Lantos Swett’s mother is not alone in her caution amid spiking anti-Semitism during the Israel-Hamas War, according to Julie Rayman, the American Jewish Committee’s (AJC) managing director for policy and political affairs.

About 46 percent of Americans who are Jewish are responding to anti-Semitism by being less vibrant in displaying their Jewish faith, Rayman said, citing findings from a new survey she said the AJC is preparing to release. Many Jewish Americans are reticent to display their faith by hanging a mezuzah, wearing the kippah or yarmulke cap, or attending synagogue.

“In my own family my children are of the age where they would start Hebrew school, and my husband said, ‘Nah, let’s wait a year,’ for exactly that reason,” Rayman said on the Jan. 31 summit panel on countering the global surge in anti-Semitism. “And that I think is really troubling.”

Aaron Keyak, the U.S. State Department’s deputy special envoy to monitor and combat anti-Semitism, joined Rayman and Lantos Swett on the panel, one of several events held at the summit to engage and unify global support for religious freedom for peoples of all faiths.

Anti-Semitism is evidenced, Keyak said, in the choices many have made in demonstrating against Israel’s war efforts. Many are blaming Jewish Americans for the choices of a foreign government, using the war to voice their anti-Semitism.

“What we know is when you blame the Jews, hold Jews accountable for actions of the Israeli government in Jerusalem, or by the way for any government, that’s anti-Semitic,” Keyak said. “It would be absurd, it wouldn’t even compute, to go in front of a Chinese restaurant to protest the actions of the PRC (People’s Republic of China) because you disagree with how they’re treating the Uyghurs.

“But yet it feels so comfortable throughout the world, including unfortunately here in America – specifically in Washington – to blame Jews,” he said, “to attack Jews, to target Jews because of the actions of a foreign government.”

Some even chose the synagogue Keyak attends in Washington to hold protests, he said. The Alliance Defending Freedom reported 1,317 such protests in the U.S. in the three months following the start of the Israel-Hamas War.

Those disagreeing with Israel’s war tactics could more reasonably protest at such sites as the Israeli Embassy or even the U.S. State Department, Keyak said, “but to choose a religious institution and blame Jews for the decisions of the Israeli government, that’s a choice.”

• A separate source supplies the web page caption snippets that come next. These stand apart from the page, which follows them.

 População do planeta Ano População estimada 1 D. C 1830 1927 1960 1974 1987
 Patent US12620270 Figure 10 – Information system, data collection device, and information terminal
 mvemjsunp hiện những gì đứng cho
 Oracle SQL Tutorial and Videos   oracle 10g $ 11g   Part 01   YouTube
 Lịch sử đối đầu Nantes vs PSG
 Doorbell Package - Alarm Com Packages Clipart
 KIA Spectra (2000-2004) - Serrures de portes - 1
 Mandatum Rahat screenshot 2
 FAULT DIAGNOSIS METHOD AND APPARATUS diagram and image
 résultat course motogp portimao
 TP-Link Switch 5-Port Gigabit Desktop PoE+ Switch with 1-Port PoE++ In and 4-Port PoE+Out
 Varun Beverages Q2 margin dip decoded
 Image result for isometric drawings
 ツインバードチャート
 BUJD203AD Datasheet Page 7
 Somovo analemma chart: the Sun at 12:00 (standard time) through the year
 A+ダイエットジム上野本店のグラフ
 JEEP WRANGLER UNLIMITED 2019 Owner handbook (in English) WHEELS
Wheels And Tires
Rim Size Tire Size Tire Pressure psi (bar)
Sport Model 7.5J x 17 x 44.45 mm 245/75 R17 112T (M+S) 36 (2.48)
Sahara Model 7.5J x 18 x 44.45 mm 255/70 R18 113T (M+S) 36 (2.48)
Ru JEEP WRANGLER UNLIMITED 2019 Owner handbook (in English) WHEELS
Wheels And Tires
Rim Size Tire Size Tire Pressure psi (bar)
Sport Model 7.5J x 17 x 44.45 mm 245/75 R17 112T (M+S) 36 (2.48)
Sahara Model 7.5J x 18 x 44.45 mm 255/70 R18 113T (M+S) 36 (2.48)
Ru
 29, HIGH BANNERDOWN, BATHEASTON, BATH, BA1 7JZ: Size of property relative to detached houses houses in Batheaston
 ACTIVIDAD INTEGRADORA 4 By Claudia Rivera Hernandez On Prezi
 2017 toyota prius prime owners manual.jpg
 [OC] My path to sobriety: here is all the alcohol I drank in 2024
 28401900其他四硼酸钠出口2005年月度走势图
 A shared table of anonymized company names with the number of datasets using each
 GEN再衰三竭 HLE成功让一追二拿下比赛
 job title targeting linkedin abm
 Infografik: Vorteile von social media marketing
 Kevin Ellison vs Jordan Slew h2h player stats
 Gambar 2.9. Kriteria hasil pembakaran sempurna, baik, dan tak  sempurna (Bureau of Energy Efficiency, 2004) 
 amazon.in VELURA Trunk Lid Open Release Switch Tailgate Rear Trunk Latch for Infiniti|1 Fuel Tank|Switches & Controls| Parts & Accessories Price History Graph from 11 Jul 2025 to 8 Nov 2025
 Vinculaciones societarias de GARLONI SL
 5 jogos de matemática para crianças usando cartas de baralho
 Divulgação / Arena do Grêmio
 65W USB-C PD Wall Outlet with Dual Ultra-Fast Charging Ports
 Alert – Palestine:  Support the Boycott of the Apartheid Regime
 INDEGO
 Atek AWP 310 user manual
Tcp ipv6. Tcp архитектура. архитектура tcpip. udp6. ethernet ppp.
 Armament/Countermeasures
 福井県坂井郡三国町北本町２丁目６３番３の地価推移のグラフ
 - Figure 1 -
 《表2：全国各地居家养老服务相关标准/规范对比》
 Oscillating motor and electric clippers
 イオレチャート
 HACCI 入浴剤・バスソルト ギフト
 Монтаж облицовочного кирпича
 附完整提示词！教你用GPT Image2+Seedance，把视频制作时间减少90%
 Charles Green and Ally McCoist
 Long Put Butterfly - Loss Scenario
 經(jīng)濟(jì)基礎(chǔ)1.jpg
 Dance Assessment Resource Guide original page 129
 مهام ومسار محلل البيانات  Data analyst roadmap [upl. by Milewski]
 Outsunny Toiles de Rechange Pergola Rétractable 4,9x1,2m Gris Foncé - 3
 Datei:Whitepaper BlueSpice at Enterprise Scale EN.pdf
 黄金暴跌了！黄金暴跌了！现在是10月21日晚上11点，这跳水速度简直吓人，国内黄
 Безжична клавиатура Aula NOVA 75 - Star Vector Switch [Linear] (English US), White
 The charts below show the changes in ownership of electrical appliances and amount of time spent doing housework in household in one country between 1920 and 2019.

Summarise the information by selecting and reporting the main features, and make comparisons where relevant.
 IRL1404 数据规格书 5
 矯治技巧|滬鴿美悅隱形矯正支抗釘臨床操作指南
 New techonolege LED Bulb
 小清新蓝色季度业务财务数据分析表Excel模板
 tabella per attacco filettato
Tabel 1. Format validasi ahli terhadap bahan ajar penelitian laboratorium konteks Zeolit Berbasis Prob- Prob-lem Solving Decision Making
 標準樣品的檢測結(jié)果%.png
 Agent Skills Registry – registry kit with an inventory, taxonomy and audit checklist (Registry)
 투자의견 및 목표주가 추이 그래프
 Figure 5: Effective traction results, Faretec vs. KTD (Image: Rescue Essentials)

Lantos Swett, president of the Lantos Foundation for Human Rights and Justice, applauded Muslim women standing with Jews in fighting anti-Semitism, often risking their lives to do so. She and other panelists encouraged those of other faiths to find ways to support the persecuted of all faiths.

Lantos Swett has advocated broadly for religious freedom, having served as chair and vice chair of the U.S. Commission on International Religious Freedom, and held other posts internationally.

“Solidarity, standing with the victims, it matters. And we honor it and are grateful for it when it happens,” Lantos Swett said. “When you stand up for your Jewish friends and neighbors, for those Jewish girls raped and brutalized, you deserve to be proud too, especially if you are not of that heritage.”

The Southern Baptist Ethics & Religious Liberty Commission (ERLC) was among convening partners of the summit held Jan. 30-31 in Washington.

“As Southern Baptists, we have a rich history of advocating for a government that safeguards the ability for us to live according to our deeply held beliefs found in Scripture,” ERLC Policy Associate Allison Cantrell has said.

“By taking part in the fourth annual summit, we also deepen vital partnerships to protect the religious liberty of all people around the world,” Cantrell said, “as we recognize infringements upon religious liberty ultimately inhibit the work of our missionaries and churches in fulfilling the Great Commission.”

Summit leaders have announced plans to post videos of the event as early as Feb. 4 at IRFSummit.org.